The facts here were specific to circumstances where it was clearly contemplated that a bill of lading would be issued. However recent case law does depict a trend towards the compulsory application of the HVR where possible.

Collision limitation periods

Eleni Maritime Ltd v Heung-A Shipping Co Ltd and all other Persons Claiming and/or Being Entitled to Claim Damages in Respect of Alleged Loss and Damage Arising out of the Collision Between the Vessels “Eleni” and “Heung-A Dragon” [09.05.2017]

A collision occurred in Vietnam between “Eleni” and “Heung-A Dragon”. The owners of “Eleni” admitted liability and were granted a limitation decree and paid into court. The final deadline set for filing claims fell before the expiry of the two-year limitation period for claiming damages arising out of collision at sea under section 7(1) of the Merchant Shipping (Collision Damage Liability and Salvage) Ordinance.

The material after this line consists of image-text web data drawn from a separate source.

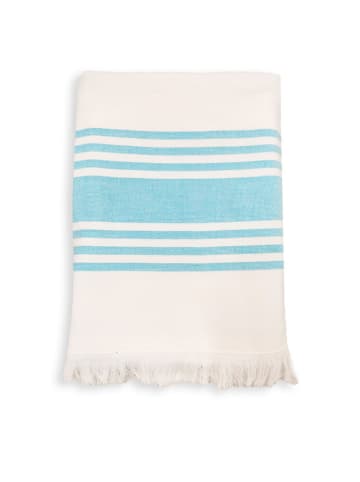 Le Comptoir de la Plage Fouta "Karabuk" w kolorze biało-turkusowym - 180 x 140 cm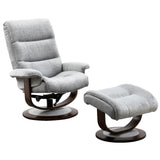 Parker Living Knight - Capri Silver Manual Reclining Swivel Chair and Ottoman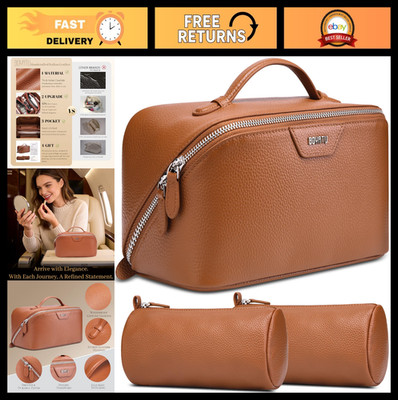 Large Capacity Genuine Leather Makeup Bag Set - 3 Pcs Waterproof Cosmetic Organi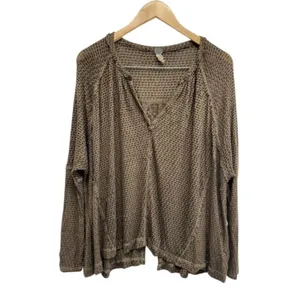 Free People We The Free Olive Green‎ Waffle Knit Split Back Thermal Top XS thumbnail 2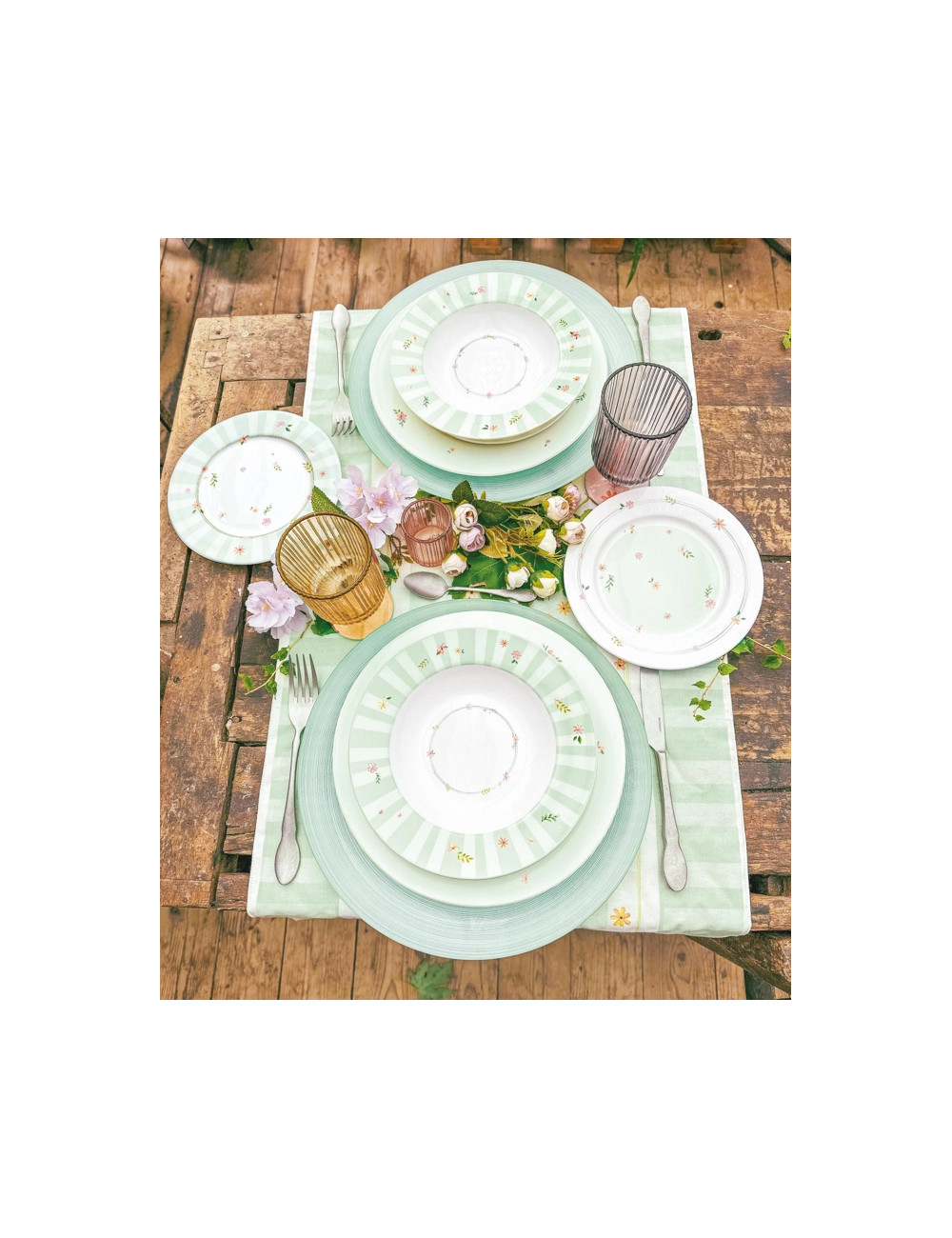 TAVOLA 18 PZ POLLINE VERDE NEW BONE CHINA | Brandani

No distribution of the fund had yet taken place and various cargo claimants who had not received notice of the time bar for claims against the limitation fund sought an extension for the same. The extension was granted. The two year limitation period was statutory and under section 7(3) the court had discretion to extend it. The deadline in the limitation decree for filing a claim was fixed by the court in the exercise of its case management powers and should not have the effect of overriding the limitation period fixed by law.

Improvised floating storage: demurrage rates

Hong Kong considers the Collision Regulations

Owners and/or Demise Charterers of the Ship or Vessel “MCC Jakarta” v Owners and/or Demise Charterers of the Ships of Vessel “Xin Nan Tai 77” [02.06.2017]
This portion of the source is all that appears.